Could anyone check if my proof for the following is correct please? In particular, I am not feeling very comfortable about my inference from $Γ \vdash φ$ to $Γ ∪ \{¬φ\} \vdash φ$.
Let $Γ$ be a set of formulas and $φ$ a formula.
a). $Γ ∪ \{¬φ\}$ is inconsistent if and only if $Γ \vdash φ$.
b). Suppose that $Γ$ is consistent and $Γ \vdash φ$. Then $Γ∪ \{φ\}$ is consistent.
a). The $\rightarrow$ has already been provided in the book, so I will only prove $\leftarrow$.
Suppose $Γ \vdash φ$. We need to prove that $Γ ∪ \{¬φ\} \vdash \phi$ and $Γ ∪ \{¬φ\} \vdash \lnot\phi$.
Since $Γ \vdash φ$, and $Γ$ is a member of the broader set of assumptions $Γ ∪ \{¬φ\}$, that must mean there is also a proof from this broader set to $φ$, ie. $Γ ∪ \{¬φ\} \vdash φ$.
$\lnot φ$ is itself already a member of the set of assumption $Γ ∪ \{¬φ\}$, so $Γ ∪ \{¬φ\} \vdash \lnot φ$.
Since from $Γ ∪ \{¬φ\}$ one can derive both $\lnot φ$ and $φ$, this set is inconsistent.
b). Suppose that $Γ$ is consistent and $Γ \vdash φ$. If $Γ∪ \{φ\}$ is not consistent, then that means $Γ∪ \{φ\} \vdash\psi $ and $Γ∪ \{φ\} \vdash \lnot\psi $. $\{φ\}$ on its own cannot derive $\lnot φ$, so IF this is possible it must be from $Γ$.
But we know that $Γ$ is consistent and $Γ \vdash φ$, so it is impossible for $Γ \vdash \lnot φ$ as well. So to conclude it is impossible for $Γ∪ \{φ\} \vdash \lnot\psi $ and hence $Γ∪ \{φ\}$ is consistent.

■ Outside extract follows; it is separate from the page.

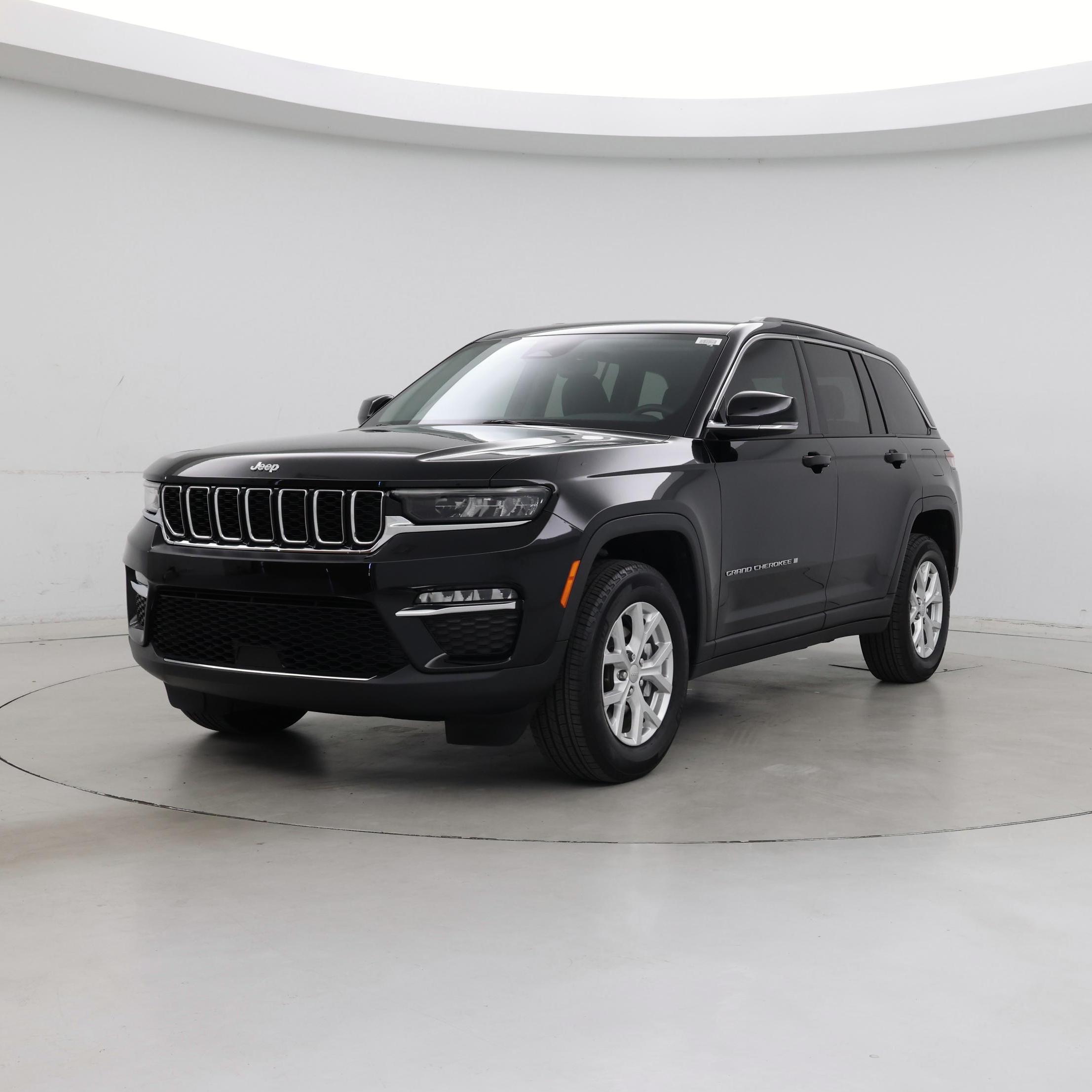 Thumbnail: 2023 Jeep Grand Cherokee - 4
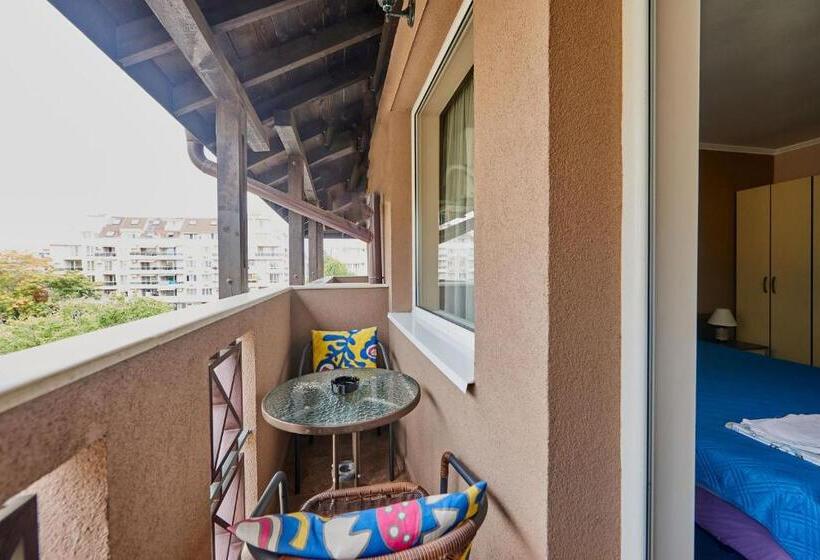 Family Hotel Electra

It reads clear and is correct. It is a good proof.
If you can derive $\varphi$ from (some of the) assumptions in set $\Gamma$, then you can derive $\varphi$ from (some of the) assumptions in any superset of $\Gamma$; including inconsistent ones.